Entries shown: Begin

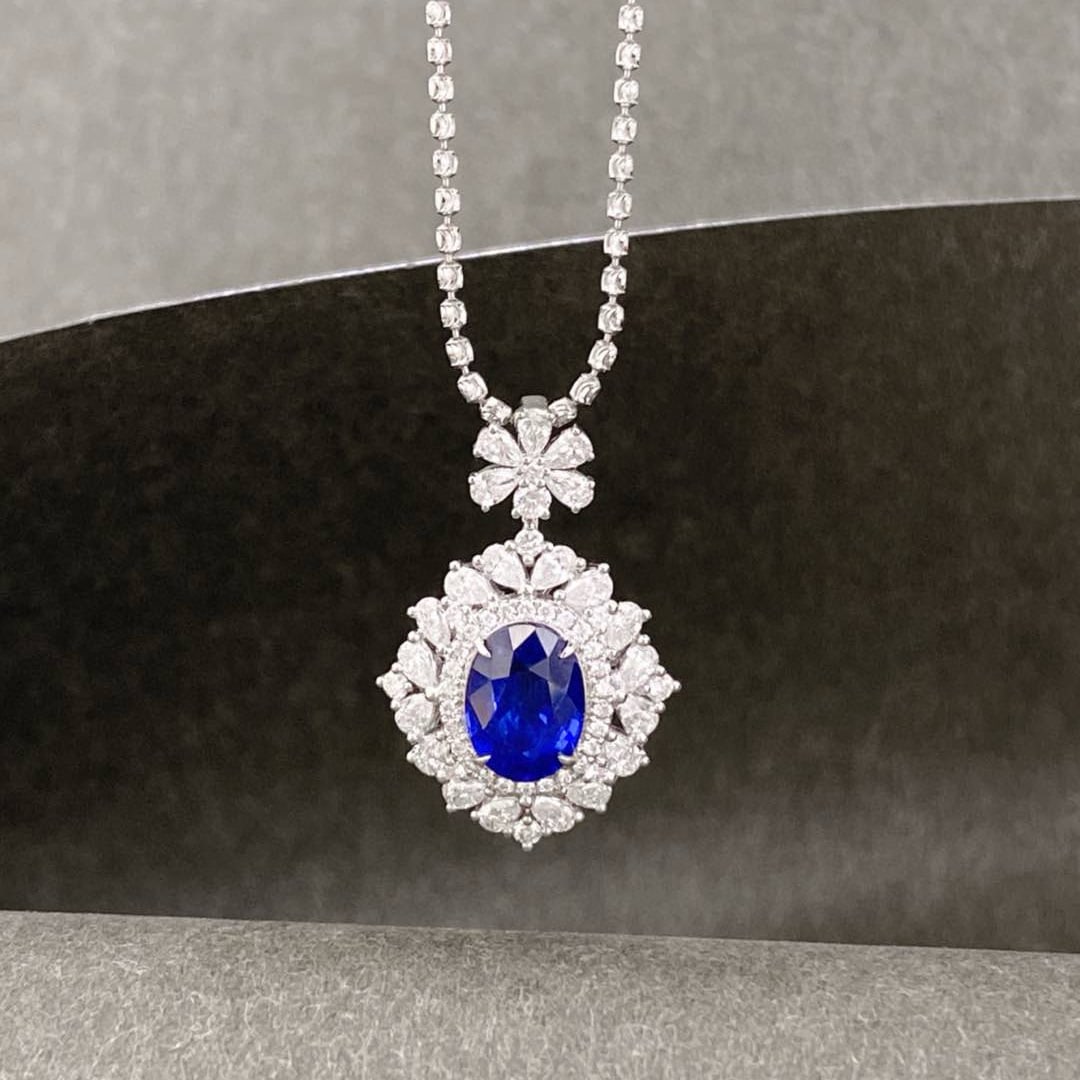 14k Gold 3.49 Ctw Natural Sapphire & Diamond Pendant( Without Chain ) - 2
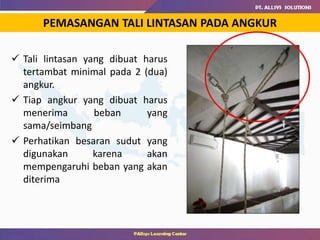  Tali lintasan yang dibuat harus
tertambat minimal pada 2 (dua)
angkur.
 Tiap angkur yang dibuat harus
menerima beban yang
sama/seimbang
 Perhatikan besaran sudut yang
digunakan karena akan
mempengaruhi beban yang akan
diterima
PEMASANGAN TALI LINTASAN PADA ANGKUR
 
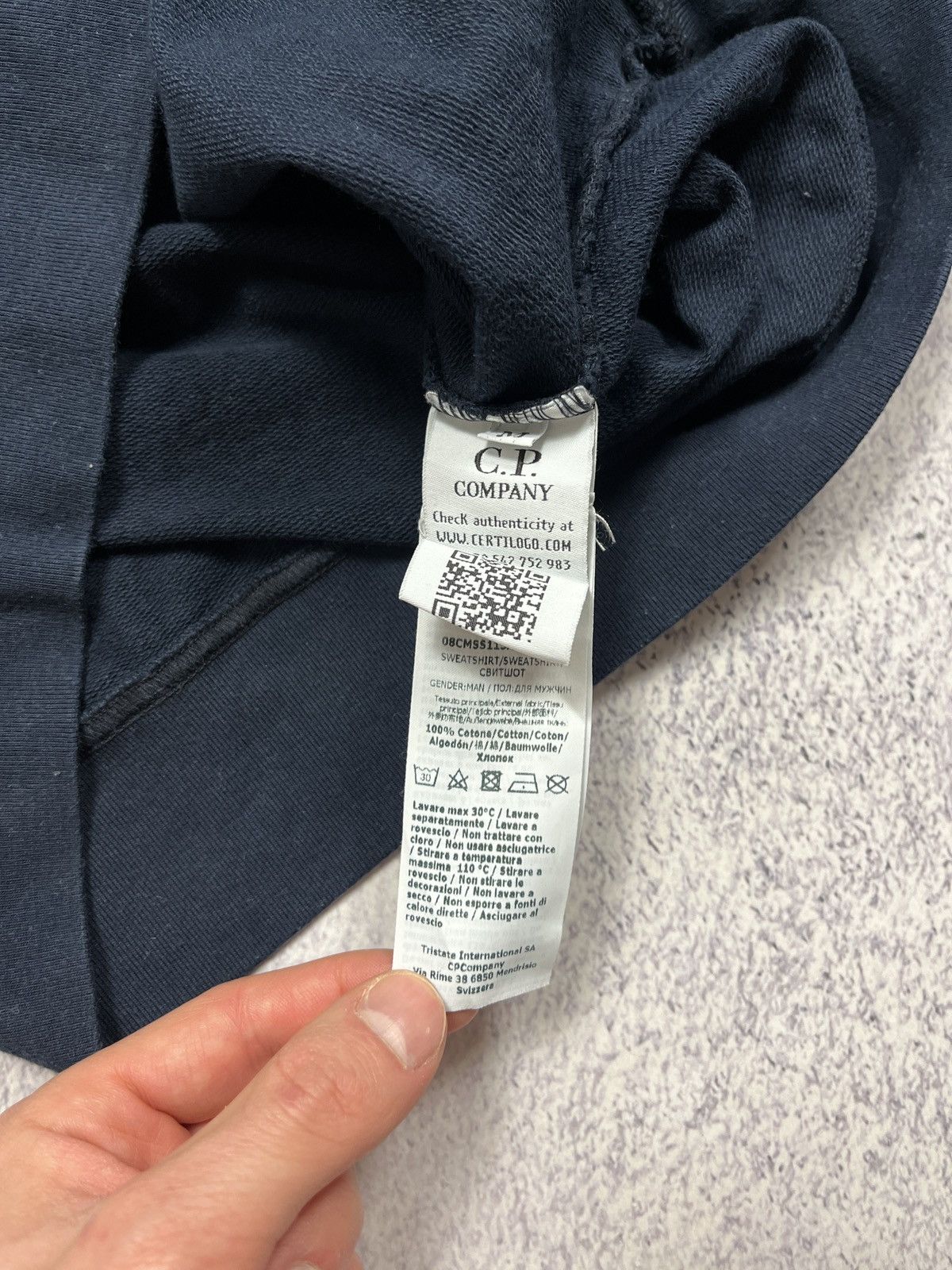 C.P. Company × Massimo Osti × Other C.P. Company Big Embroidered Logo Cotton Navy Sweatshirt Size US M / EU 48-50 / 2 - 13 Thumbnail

Entries shown: End

■ **Task brief**: With all pictures excluded, output exactly the lines from the one containing "digunakan karena akan" through the final line of the entries, inclusive.

■ **Exercise response**:
digunakan karena akan
mempengaruhi beban yang akan
diterima
PEMASANGAN TALI LINTASAN PADA ANGKUR
 
 C.P. Company × Massimo Osti × Other C.P. Company Big Embroidered Logo Cotton Navy Sweatshirt Size US M / EU 48-50 / 2 - 13 Thumbnail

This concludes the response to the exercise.